Sierra: We couldn't just storm in on a fiery chariot. It was your universe. We had to play by your rules. We had to show you how limited and corrupt your little world was. Don't get me wrong, it's a nice place, it's cozy. But do you remember where you came from? Do you remember where you came from?
Gabriel: It was warm and white, like...
Agitated Man: You can't describe it with human words.
Streetwalker: You can't think it with human thoughts.
Sierra: So you play a lot of characters at once?
Gabriel: Well, a couple. Most people do.
Sierra: But you're not most people. You created the world. You know all the secret codes.
Gabriel: Like God-mode?
Sierra: Is that what you call it?
Gabriel: That's when you have all the powers and can't be killed. It's actually really boring to play, though.
Gabriel: I guess I'm more worried about the human factor. You guys kill each other a lot.
Mary: In fairness it's usually in your name. Plus, we've gotten much more efficient at it.
Gabriel: I like this world. I like my life here with you and Noelle.
Mary: It's not real. I'm not really your wife. You're not really my husband. On some level it's all pretend. How many versions were there?
Gabriel: Ninety. This is the last one.
Gabriel: I've destroyed billions of people with a thought, and you like to think that it's painless?
Mary: Stop. You don't have to explain or apologize. Everything that is is because of you. And if that's all there is, that's enough.

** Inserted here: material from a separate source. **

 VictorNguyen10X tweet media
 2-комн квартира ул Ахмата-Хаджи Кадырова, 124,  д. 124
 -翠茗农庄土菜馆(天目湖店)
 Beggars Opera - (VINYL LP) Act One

Gary: Are you saying I'm God?
Margaret: Technically, no. If God is a ten, a theoretical ultimate, that-which-no-greater-can-be-imagined, you're more of a nine.
Gary: So what are you?
Margaret: Humans are sevens. Monkeys are sixes.
Gary: What are the eights?
Margaret: Koalas. They're telepathic. Plus, they control the weather.
Margaret: What's important is that you, you're the big cheese. El Supremo. You could destroy the world with a single thought.
Margaret: Okay, just so it's said, this house IS flammable.
Gary: I didn't mean to burn down my house.
Margaret: Yeah, and I didn't mean to eat my way into a 10-year shame spiral, but I did. And it's healthier to acknowledge it.
Voice on Baby Monitor: The cat says "Meow!" The pig says "Oink!" The cow says "Moo!" The cow says "Moo!" The cow says "Moo!" The dog says "Nine... nine... nine... nine... nine..."
Agitated Man: It's not real.
Moderator: What does that mean?
Agitated Man: The show's not real! Why can't you just see that? Jesus! What are you fucking blind? You think you're above this, don't you? You are trapped here with the rest of them brother! Get out! Get out! Oblivio accedit!